The men are judged on their outfits and their horse’s tack, their riding ability while handling a 5 kg eagle on their wrist, the eagles and how well the eagles are trained..... some proved to be very wayward.
The faces of these men, constantly facing harsh elements, tells its’ own story. I have included many photos as they are just amazing to me.
We watched as they paraded in front of huge ger and were awed by every part of a tradition dating back hundreds and hundreds of years and for me it was like stepping back in time, except I had my lovely digital camera to my eye to record this auspicious occasion.
We then headed about 500 metres away from the ger to wider open spaces where the horseman could gallop towards the three judges and be awarded points from 7 to 10 on the things I have already mentioned.
Being smart I positioned myself very close to the camera man with the biggest camera, in the hope that we were in the right position. I wasn’t so sure when the first man horseman came at a flat out gallop straight towards us with arm aloft, snow flying and this enormous bird spreading it wings to retain its’ balance.
One camera man wasn't quote so fortunate with his choice of position as one of the eagles obviously thought he was a wolf, probably due to his very smart hat, and made a beeline for him. It was very lucky noone was hurt as those talons are huge.
I don't think I was in the way, there again he came fairly close.

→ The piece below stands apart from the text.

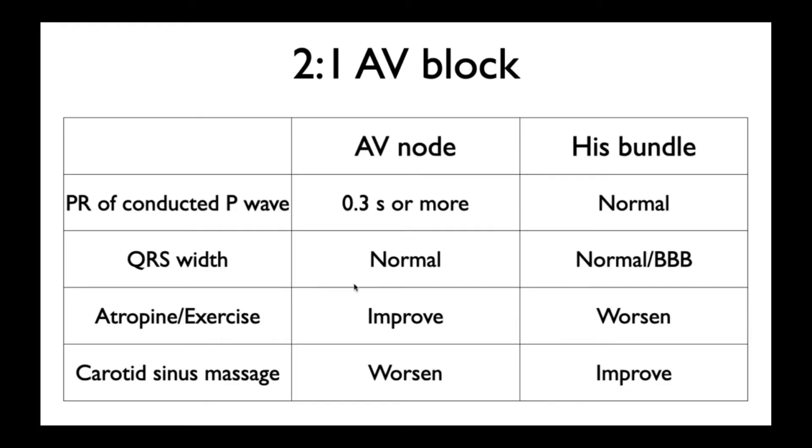If you give atropine or perform exercise and the AV conduction improves, it is likely to be the AV node. If you give carotid sinus massage and it worsens, it's likely to be the AV node. And the converse is true: if the PR interval is normal, QRS is wide, if you give atropine or perform exercise and it gets worse, with carotid sinus massage...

There were great cheers when a favourite came through and awe from the westerners who watched these amazing horseman and beautiful eagles.
The riders then retreated further up the hill to release the eagle to the rider calling it below with the hope it would land on the fist holding a small reward.... many eagles decided it was way too small an offering and flew in the opposite direction, where they were hastily retrieved by the embarrassed horseman.
When they did fly to the fist it was amazingly impressive sight, seeing this enormous bird flying free to then soar down and land with talons outstretched on to the fist.
Some of the riders then dragged a lure (fox with rabbit’s ears) at gallop behind the horse where nearly all the eagles flew straight down to the lure.
Note the lure in the eagles talons.
Although it was about -15C it was not cold and I was able to take about 500 photos before we treated with friends to a car to enjoy bubbles and cheese and biscuits.... strange thing to have when it is that cold but it was thoroughly enjoyable.
A bit of local talent I fancy in his very smart hat!
Back out to watch the last of the activities and help some of the archers find arrows lost in the snow and then fortunately from a good distance, watch a live fox released to be caught very quickly by two eagles that were released. We then watched, once again from a good distance, to see what we thought was a dog that the riders were trying to chase away from them to enable to be hunted by the eagles. We then heard that it was a wolf with its’ back legs tied but whether it was or not is very hard to see in the pictures I took. We hope it was not a wolf or dog with it’s’ legs tied as that is cruel beyond belief but regardless an animal welfare issue.
Nigel has written to a few local Mongols and they are going to try and find out what was the true story.
An amazing day, another reason why we find Mongolia such a fascinating place to live.